I like hitting hard and being hit hard, within reason of course. How hard is too hard? If it hinders me or the person I hit the next day, it was too hard. Or if it has one of us doubled over in pain.
And I don't like the wild, uncontrolled hitting. From me nor my opponent.
Even though I hate the rule set of point fighting, what I enjoy is trying to hit someone that's trying to not let me hit them and hit me back.

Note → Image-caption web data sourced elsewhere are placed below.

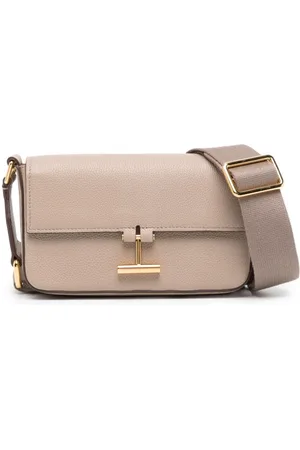 Tom Ford White Leather Tara Chain Shoulder Bag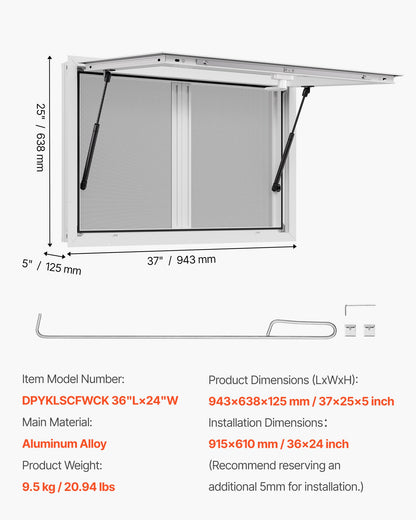 Concession Window 92x61 cm, Aluminum Alloy Service Window for Food Truck, Up to 85 Degrees Stand Serving Window with 2 Sliding Windows, Awning Door, and Drag Hook, for Concession Trailers
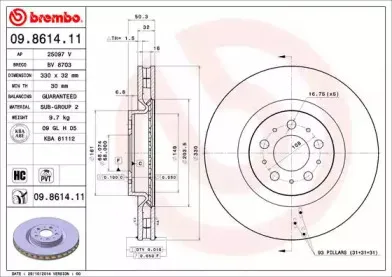 09.8614.11 BREMBO Тормозной диск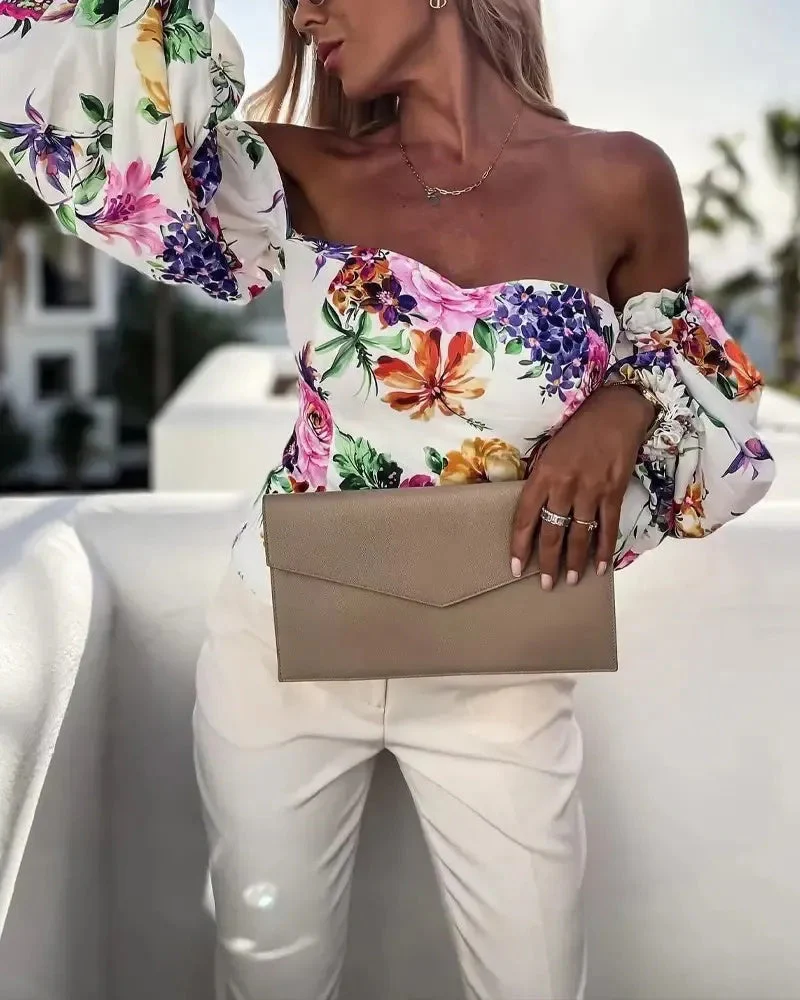 Deanwangkt - Floral Print Off Shoulder Frill Hem Top - Deanwangkt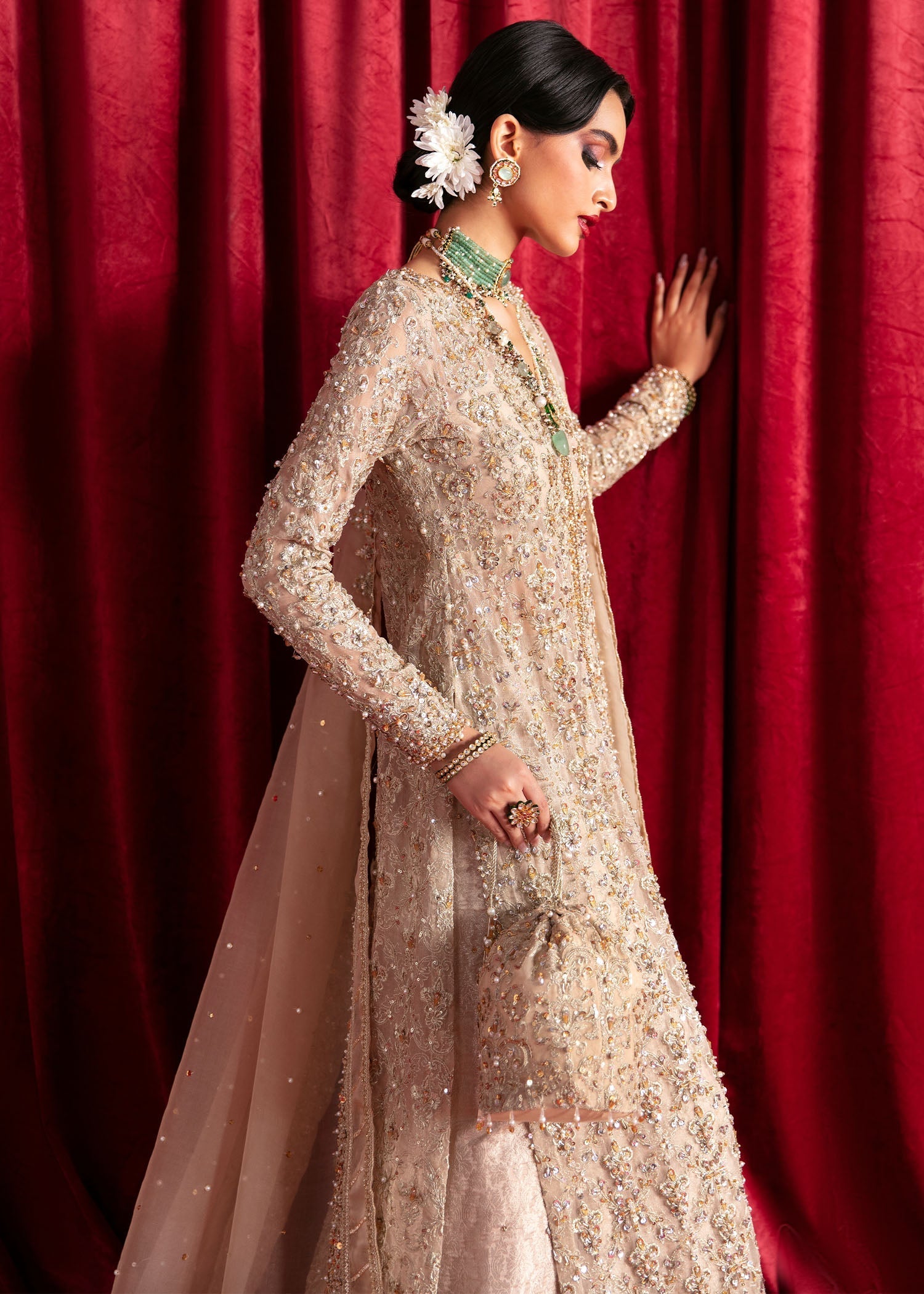 Pakistani Nude Embellished Organza Jamavar Farshi Gharara (3-Piece) - Image 6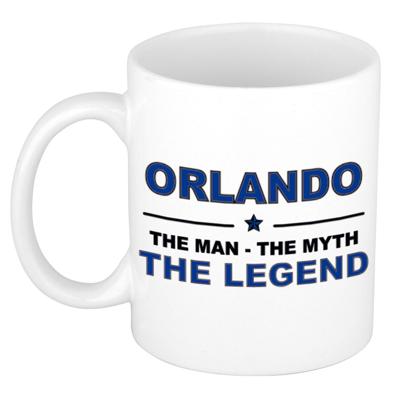 Orlando cadeau mok - man myth legend - naam koffiemok / beker - wit en blauw - 300 ml Orlando cadeau mok - man myth legend - naam koffiemok / beker - wit en blauw - 300 ml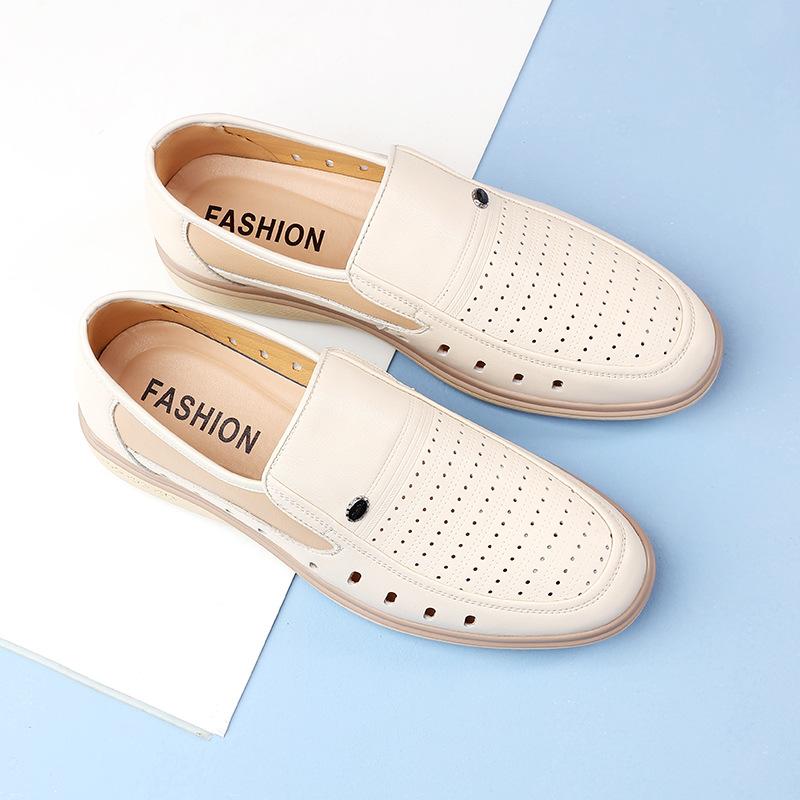 Fashion Business Beige White Men's Shoes Fashion Leather Casual Light Middle-aged Shoes for Men Newdesigner Spring Autumn Hollow Sandals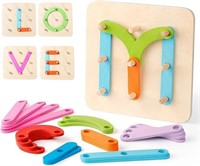 Wooden Alpha-Numeric Puzzle STEM Toy for Kids 3+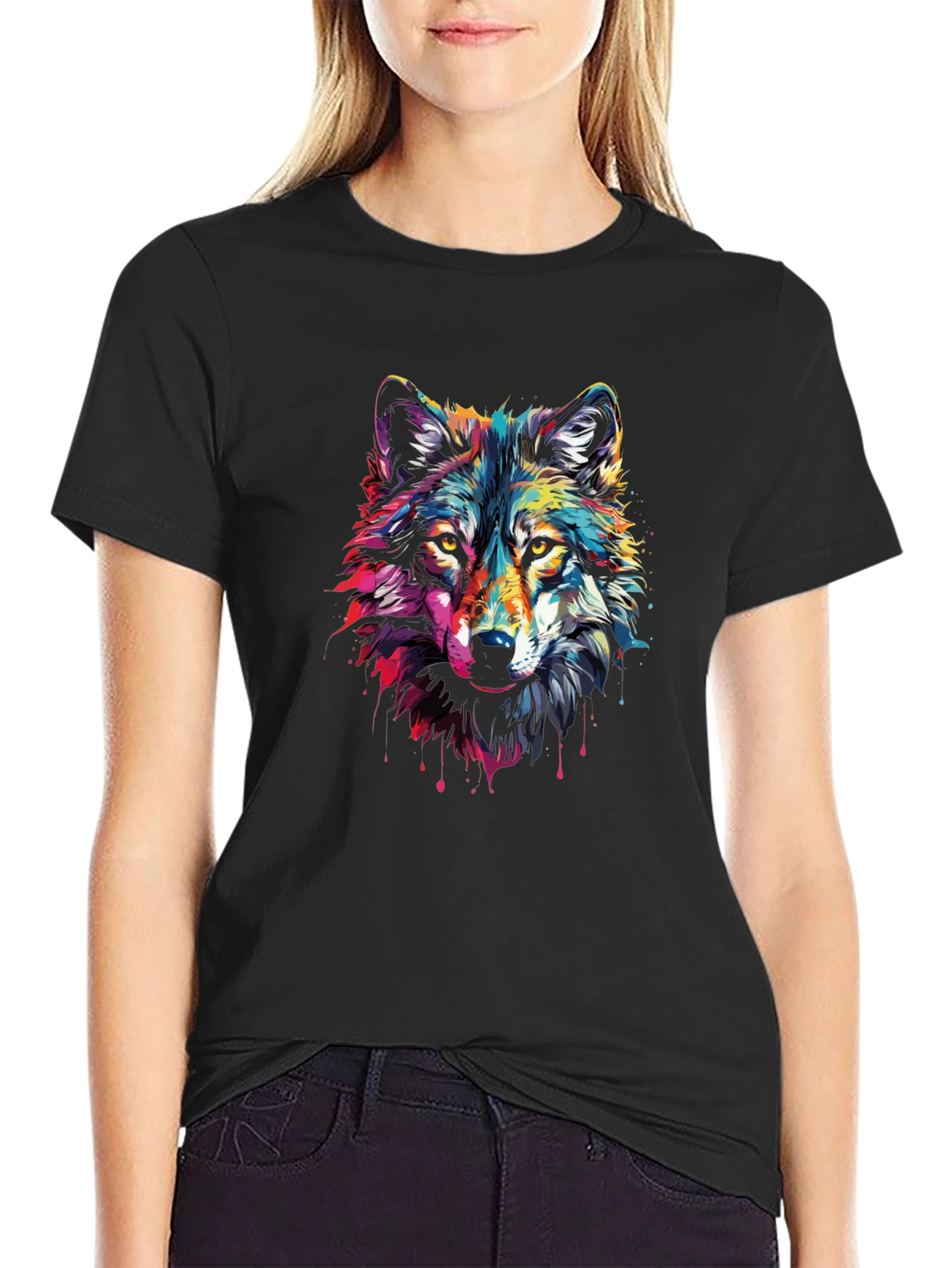 Black Vivid Wolf Graphic T-Shirt - Stylish Men's Tee view 2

Last year's tournament was the best one I've been to. And it was the only one I've been to since my last go-round with karate about 15 years ago. It was my organization's 40th Anniversary week-long gathering, which ended with a tournament. It was only open to Seido Juku karateka. We're not a point fighting, sport based organization at heart. There were only a very few guys who were fighting towards the point fighting rules. By that I mean people weren't doing the stupid quick backfist-reverse punch combo and putting their arm up with an obnoxious kiai to get the ref's attention. Actually, being an idiot like that would've gotten warnings and loss of points/DQ. We all cheered each other on when we saw something good, picked each other up when someone got down, and talked about what worked and didn't. And talked about training and life in general. And it was a huge event - over 1,000 people from all over the world. My division had about 30 people from about 8 different countries.
The one in October will be far smaller, as it's not a week long event. Most people will be from the northeast, but there's usually a few Seido people from different places. Hopefully the atmosphere will be the same. If it is, I'll do it every year. If not, I'll retire from competition
I'll still train with the people who are competing and will train like I'm competing though.